The queer and trans community has perfected the art of camp for decades through extravagant drag looks, otherworldly club kid fashions and themed vogue balls. Embracing the glittery, the tacky, the over-the-top, the gender-bending and the taboo, camp is an aesthetic that flies in the face of Western hetero notions of respectability and good taste, and looks good doing it.
Susan Sontag defined the flashy, kitschy style as a "love of the unnatural, of artifice and exaggeration." Her 1964 essay "Notes on 'Camp'" is the theme of this year's Met Gala fundraiser for the Metropolitan Museum of Art—and LGBTQ+ celebrities absolutely killed it on the red carpet.

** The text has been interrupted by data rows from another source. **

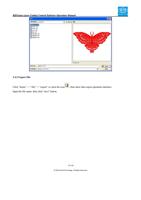 42 Export File Click menu gt file gt export or click (Page 19 / 99) RDVision Laser Cutting Control Software Operation Manual
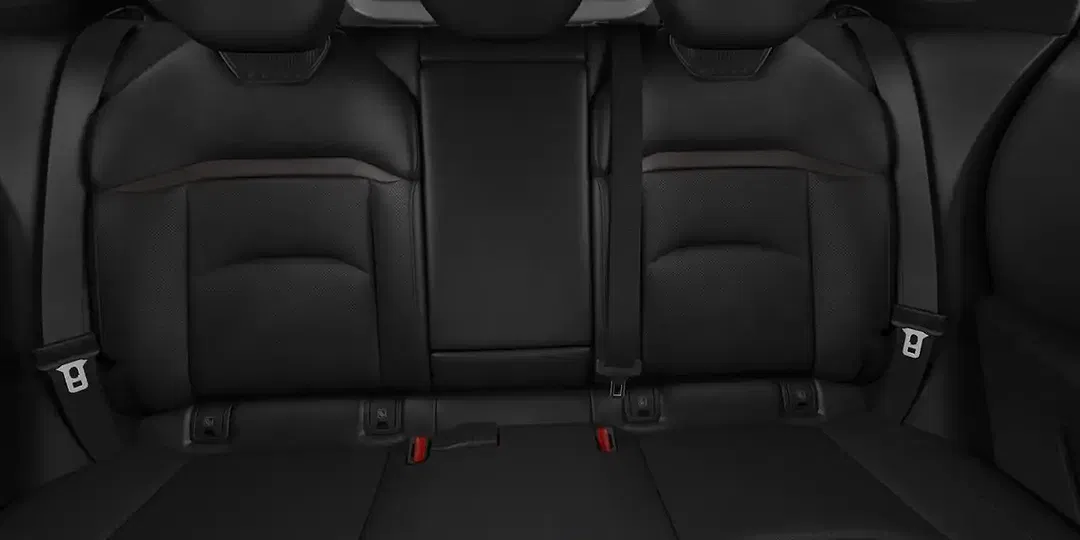 Mazda CX-6e - Thumbnail 8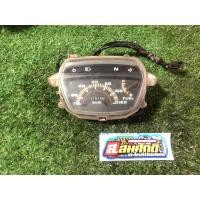 ราคา เรือนไมล์Honda Dream newC100Nดรีมนิวดรีมท้ายมน เหมาะสำหรับเปลี่ยนฝาครอบใหม่ ของแท้มือสองสภาพดี (16219600653)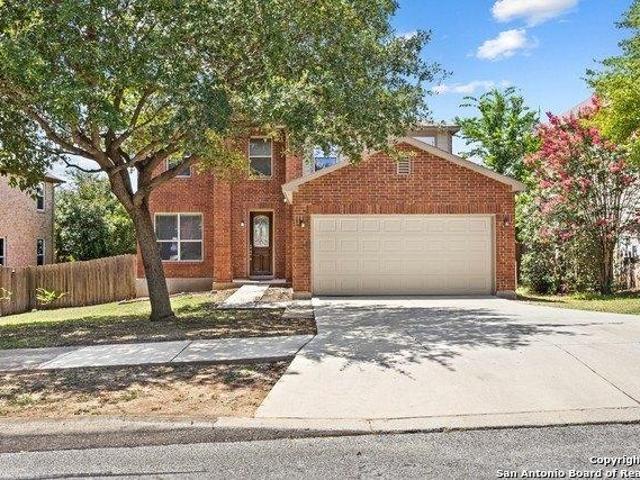 House for sale in Cibolo, Texas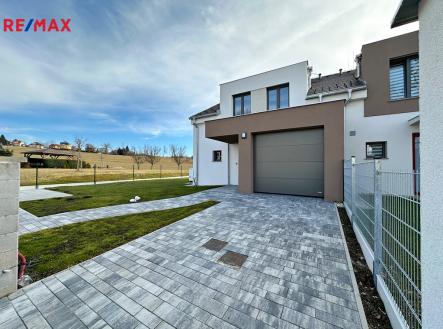 stav ke dni 3. 3. 2025 | Prodej - dům/vila, 175 m²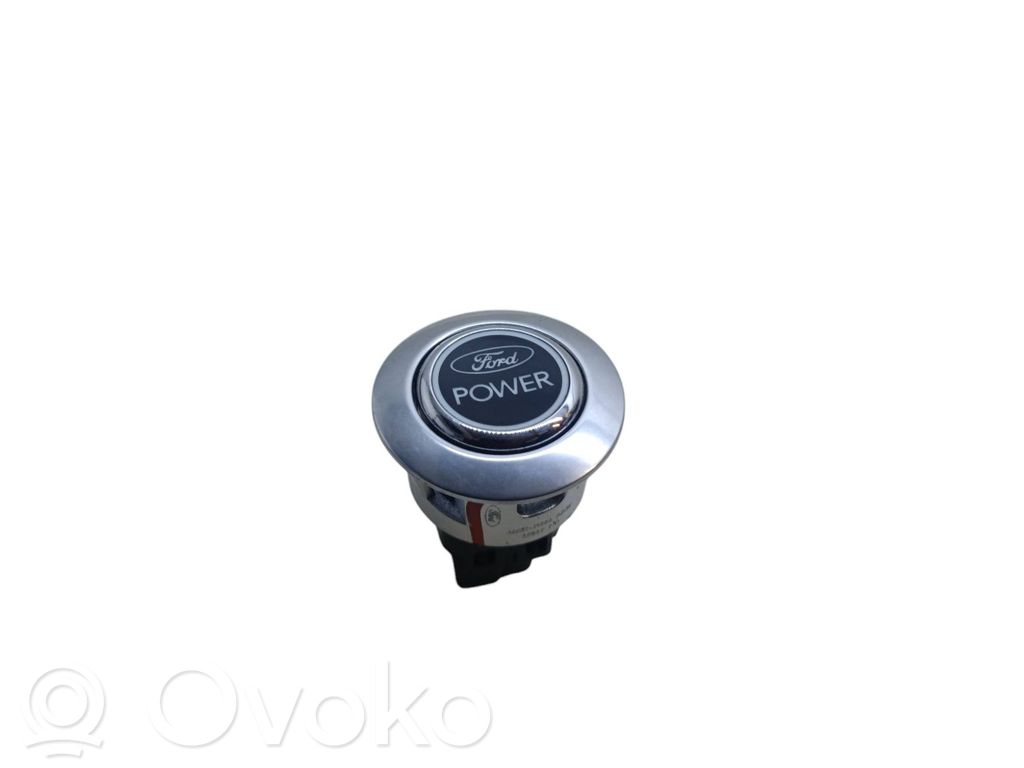 Engine start stop button switch   AM5T11572AA,08042011,07937Z01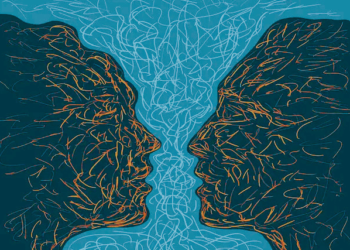Why We Hold Accepting the Identical Painful Relationship Patterns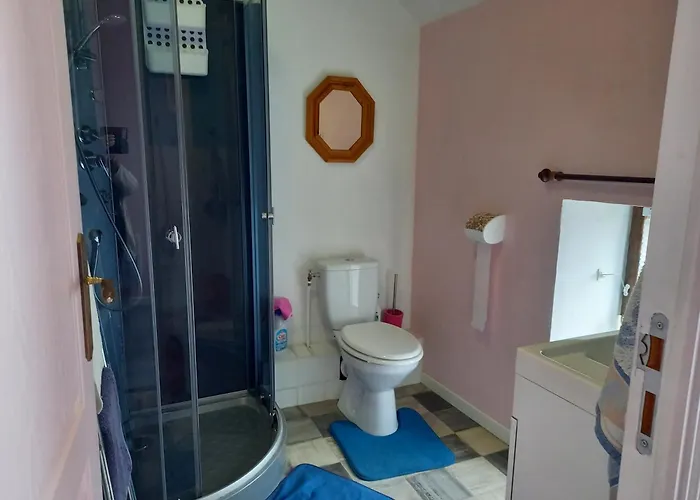 Holiday home Aux Roses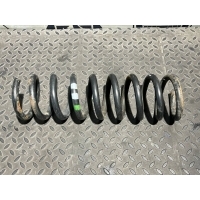 Пружина передняя Mercedes C/W202 1993-2001 A2023212204, id77813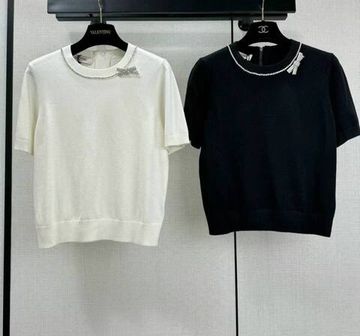 Футболка премиум Valentino BP-44895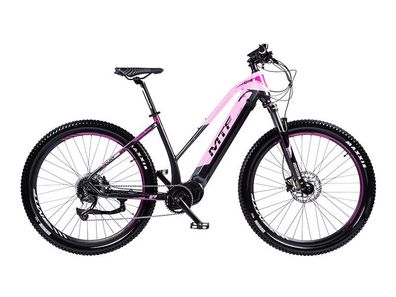 MTF Bike Pedelec E-Bike Elektrofahrrad ount 6.4 W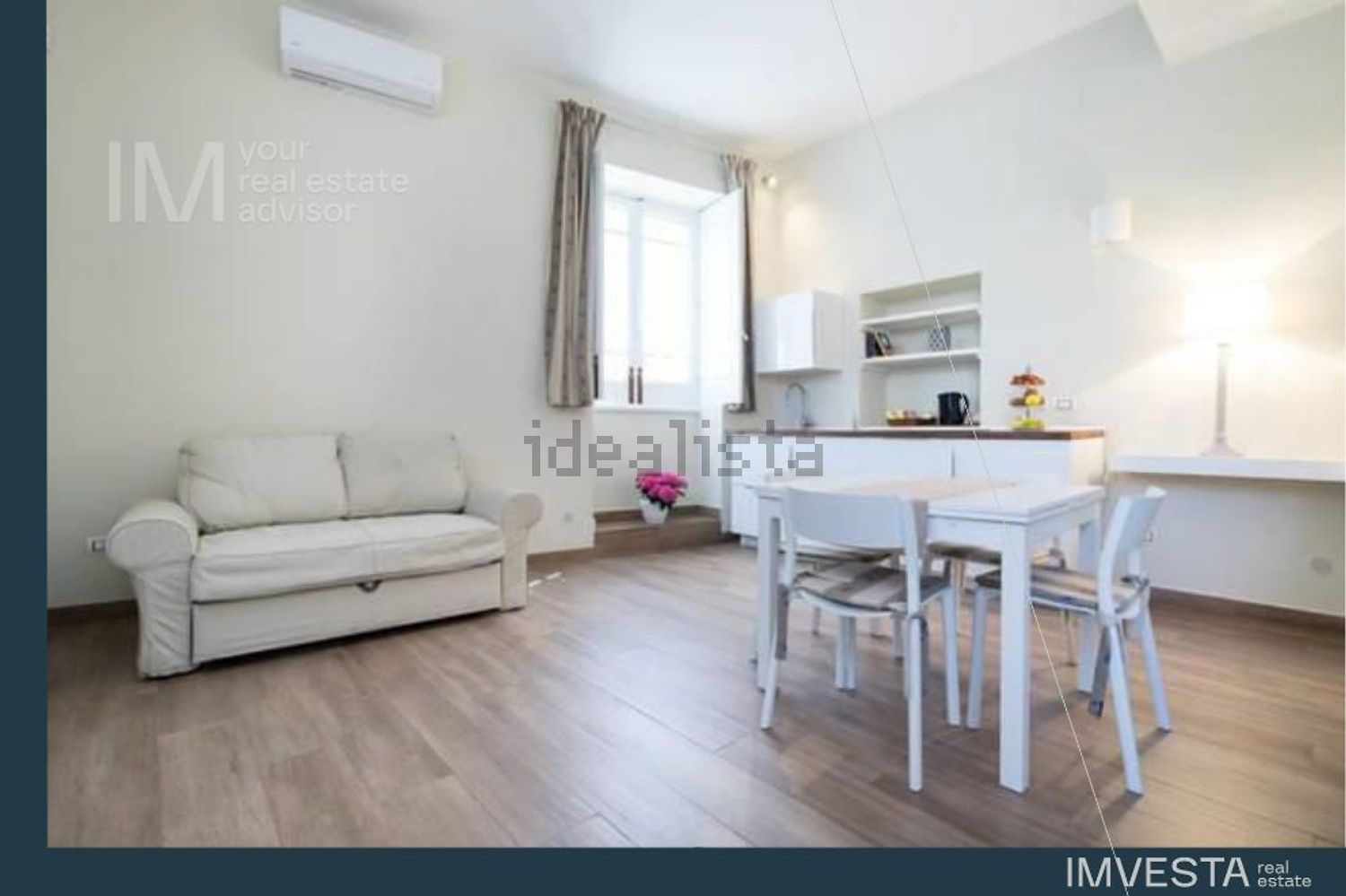 appartamento in vendita a Siracusa in zona Borgata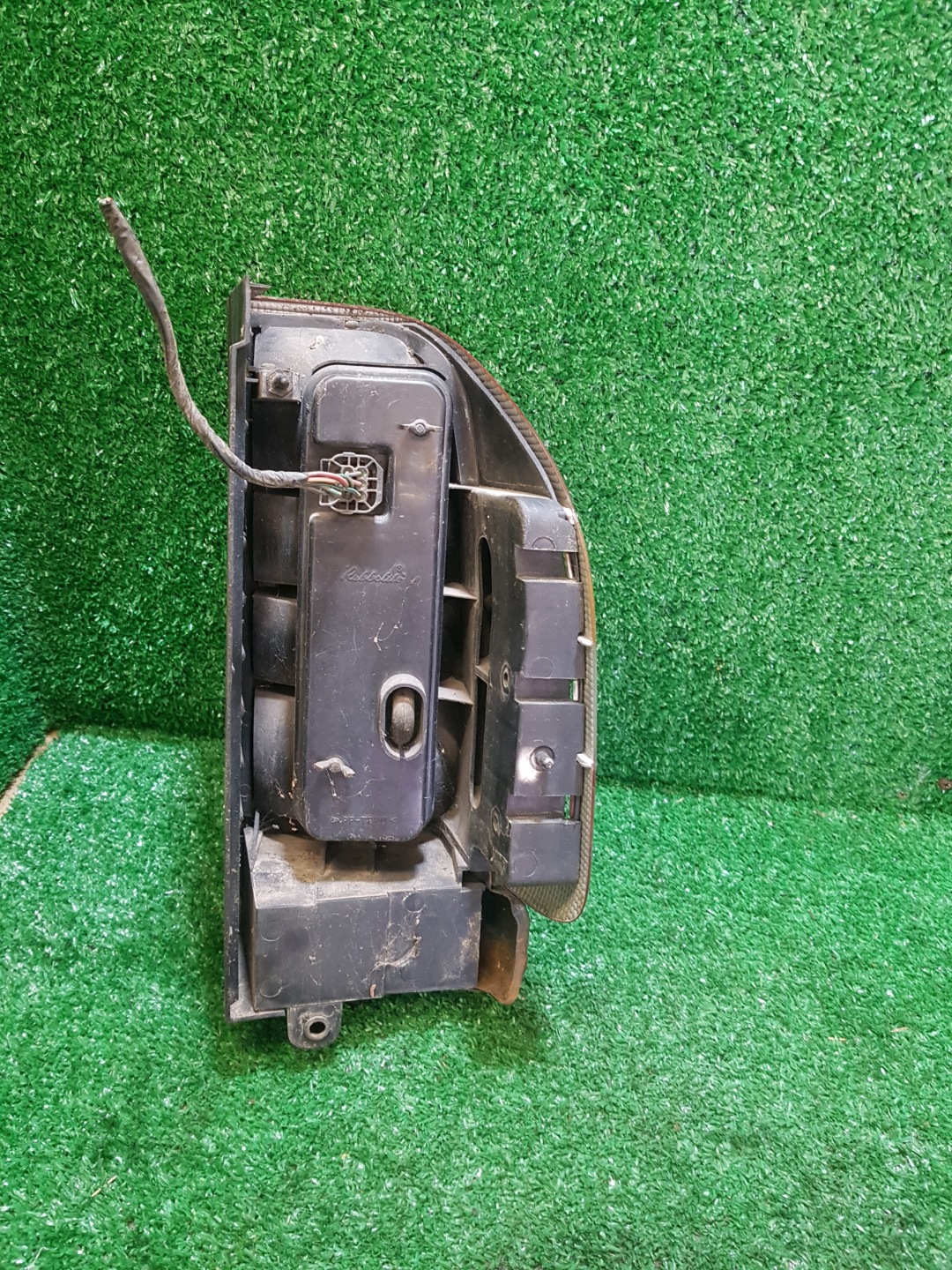 light left rear OPEL FRONTERA B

In February, Pose star Billy Porter made homophobes quake in their boots with his androgynous Oscars look—an exaggerated, high-femme A-line gown with a masculine black blazer. Ever the king of extra, he dialed it up 10 notches with his Met Gala ensemble by The Blonds. Dressed like a luminescent rendition of Ra, the Ancient Egyptian sun god, Porter levitated above the red carpet on a throne carried by chiseled manservants. Naturally, he spread his gold bird wings once he returned to the ground.
"Camp means as hugely over-the-top and grand and what some may feel is ridiculous and silly, and embracing all of those creative impulses inside us that very often are squelched," Porter told Variety.
Trans actress and activist Laverne Cox sparkled in her all-black Christian Siriano attire—an art deco-inspired gown with wisps of tulle that floated around her body like angel wings in Botticelli's Birth of Venus. With her turquoise hair and makeup as the only pops of color, the monochromatic outfit's dramatic shape and texture did the talking.